BEGIN Given data

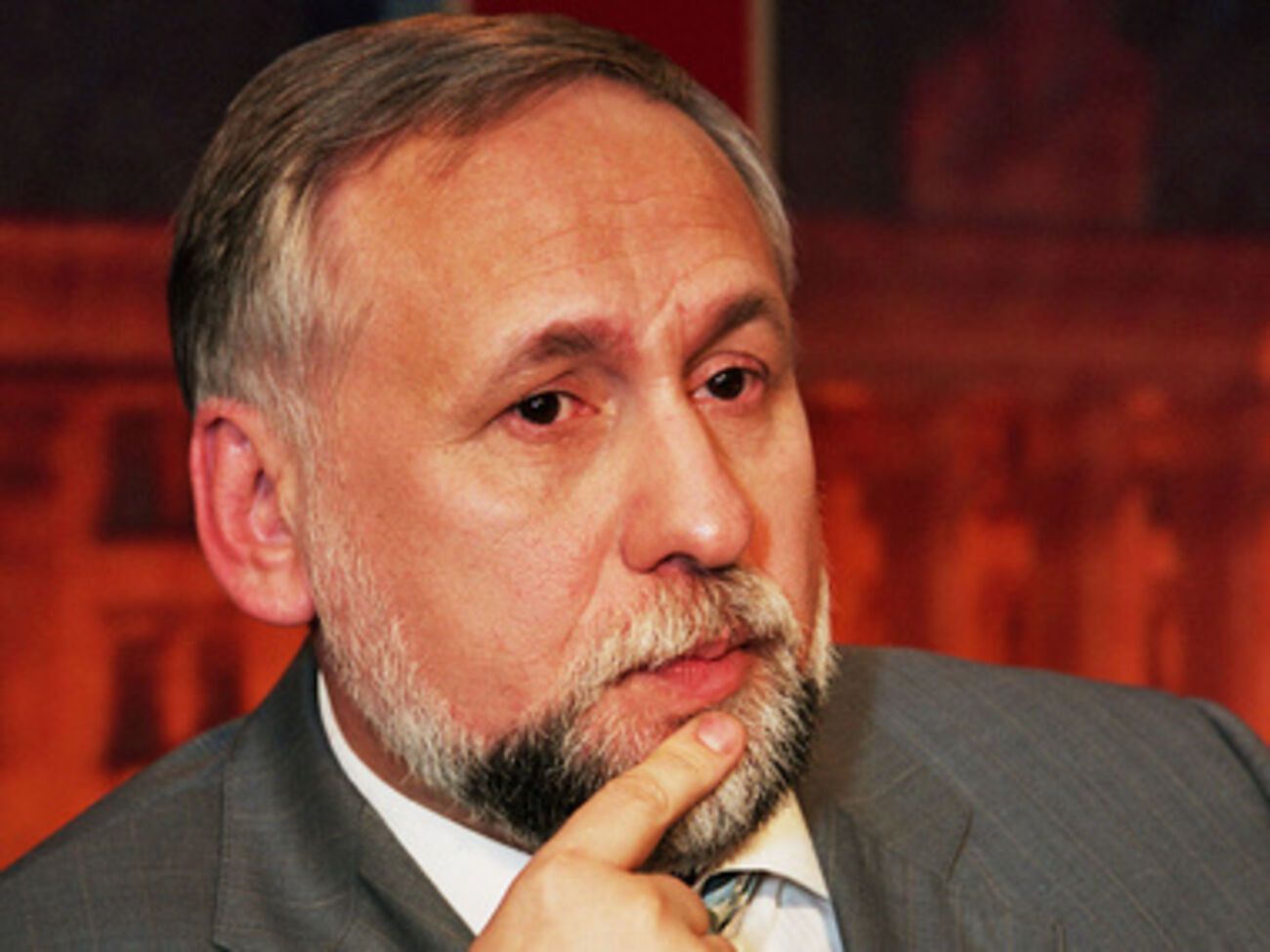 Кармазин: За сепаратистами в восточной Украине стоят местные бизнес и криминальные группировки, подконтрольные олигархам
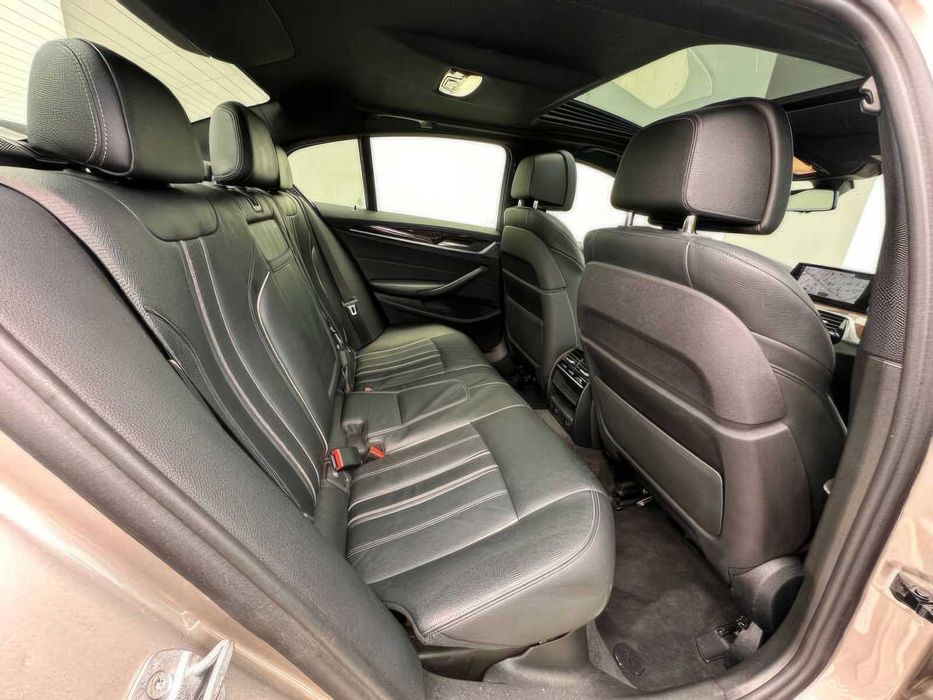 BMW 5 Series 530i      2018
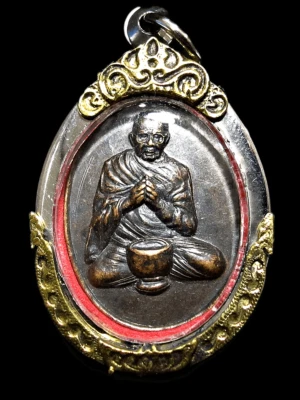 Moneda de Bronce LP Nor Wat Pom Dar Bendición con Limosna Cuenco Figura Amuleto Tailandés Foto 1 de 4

END Given data
BEGIN Given data

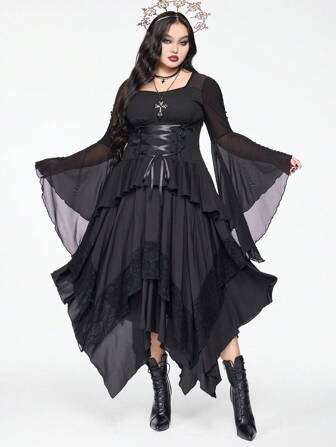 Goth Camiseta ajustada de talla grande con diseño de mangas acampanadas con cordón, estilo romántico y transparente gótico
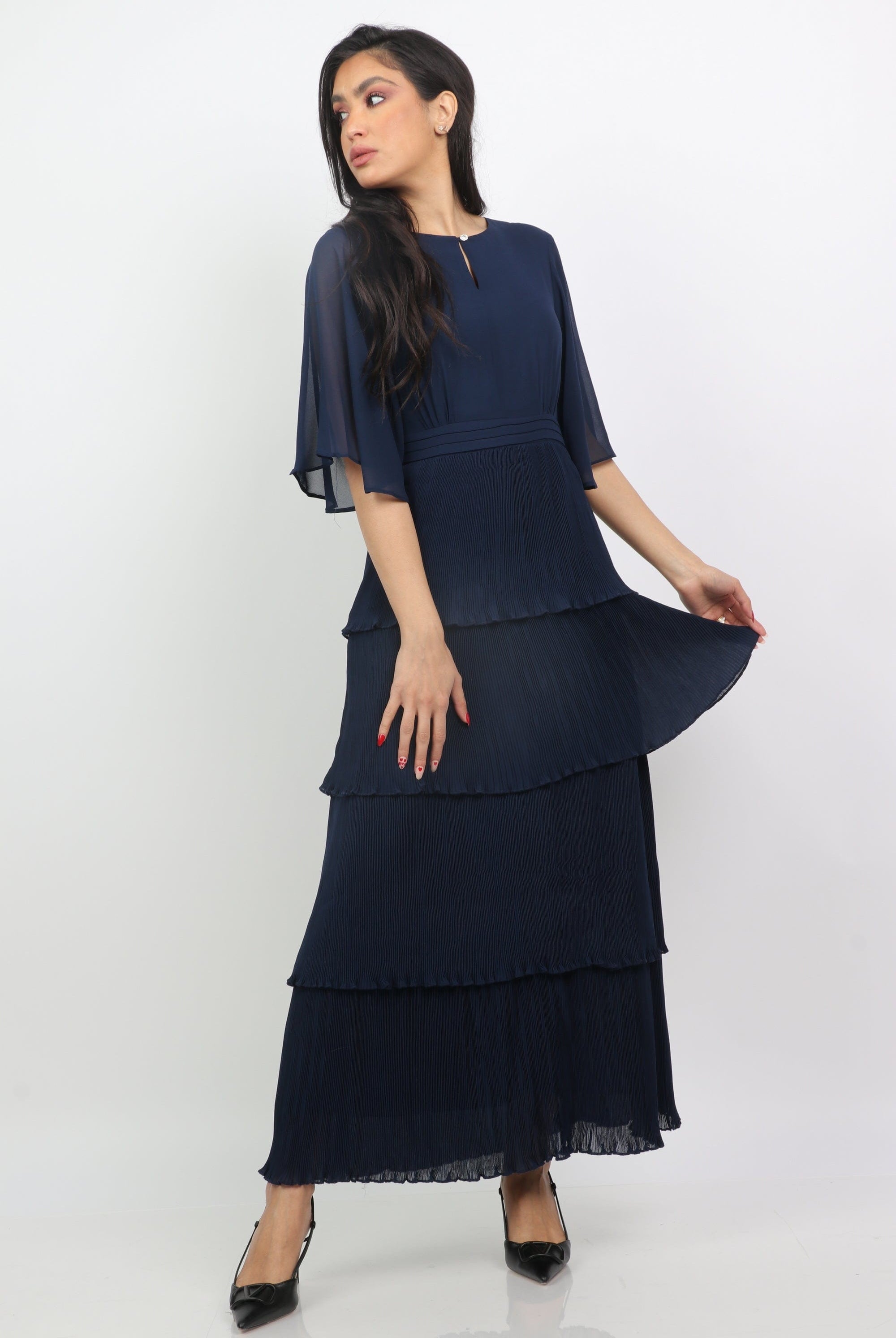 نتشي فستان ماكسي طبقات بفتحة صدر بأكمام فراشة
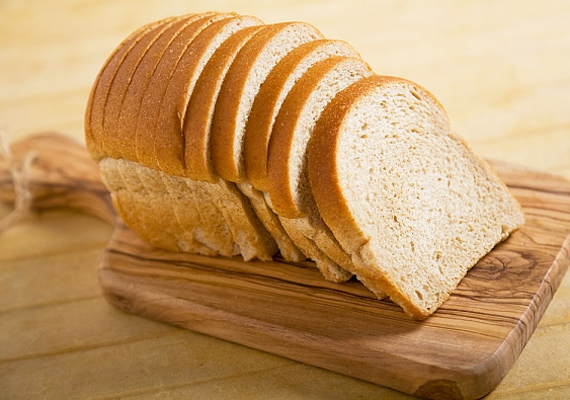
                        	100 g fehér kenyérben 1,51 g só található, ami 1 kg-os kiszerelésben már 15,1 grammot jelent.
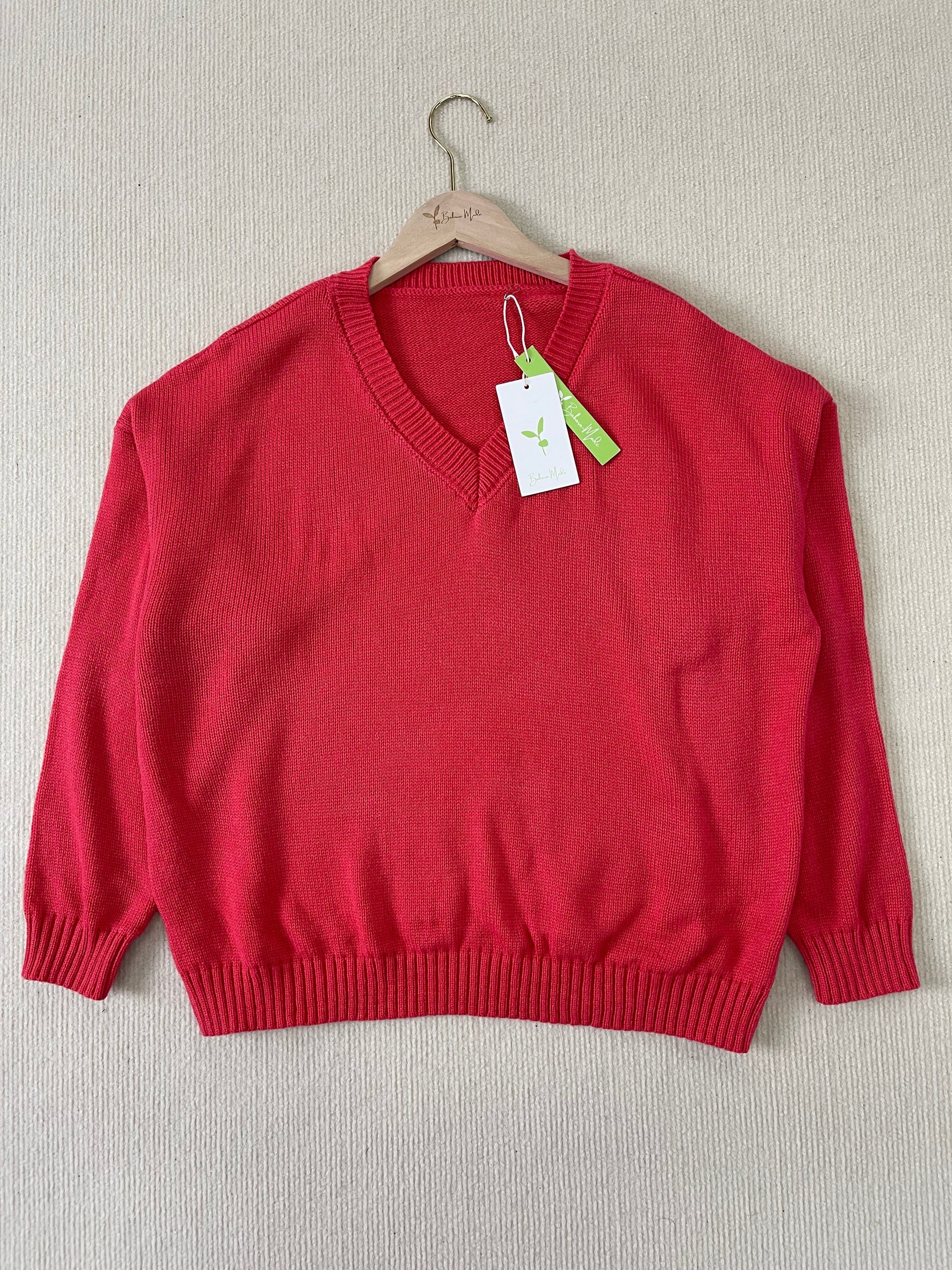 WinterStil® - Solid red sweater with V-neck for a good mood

END Given data
BEGIN Given data

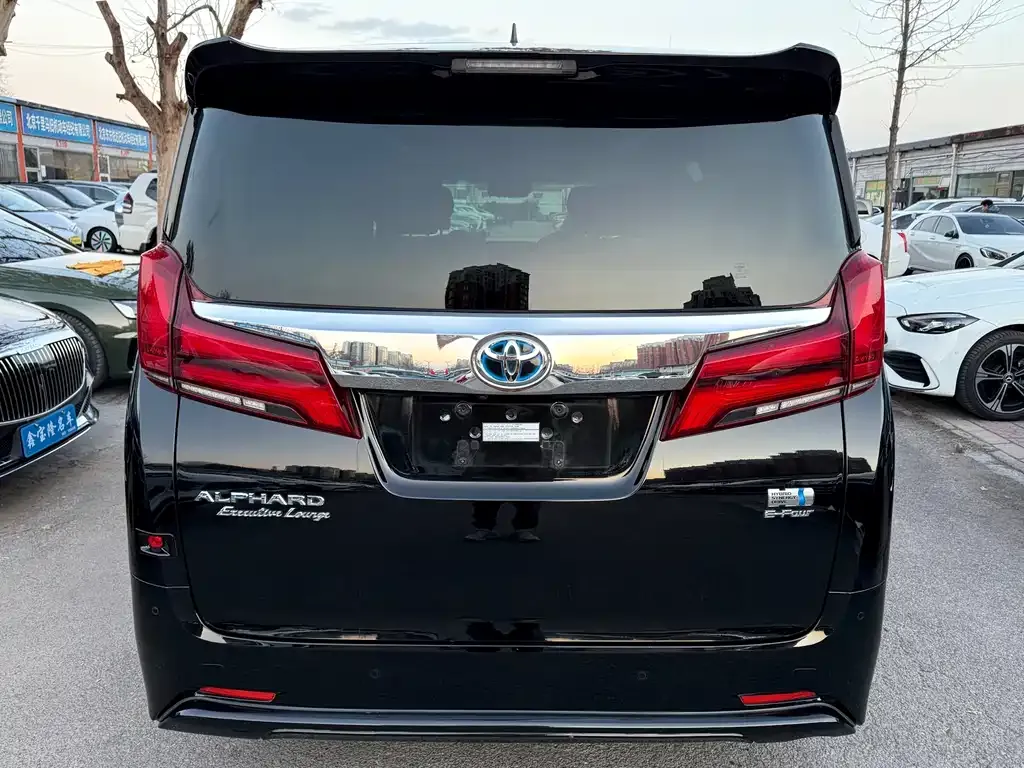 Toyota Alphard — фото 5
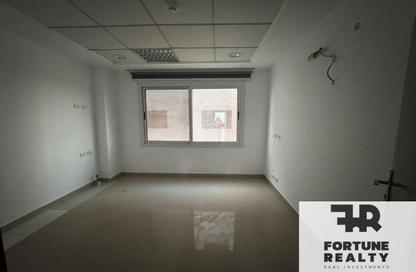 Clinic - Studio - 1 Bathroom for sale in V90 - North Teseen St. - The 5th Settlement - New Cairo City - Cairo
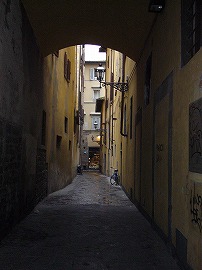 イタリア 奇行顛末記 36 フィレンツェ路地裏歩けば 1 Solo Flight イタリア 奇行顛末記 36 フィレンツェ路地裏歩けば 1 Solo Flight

END Given data

In the entries above, find the line containing "Goth Camiseta ajustada" and the line containing "WinterStil® - Solid"; give again exactly those two lines and every line between them, minus the pictures.

 Goth Camiseta ajustada de talla grande con diseño de mangas acampanadas con cordón, estilo romántico y transparente gótico
 نتشي فستان ماكسي طبقات بفتحة صدر بأكمام فراشة
                        	100 g fehér kenyérben 1,51 g só található, ami 1 kg-os kiszerelésben már 15,1 grammot jelent.
 WinterStil® - Solid red sweater with V-neck for a good mood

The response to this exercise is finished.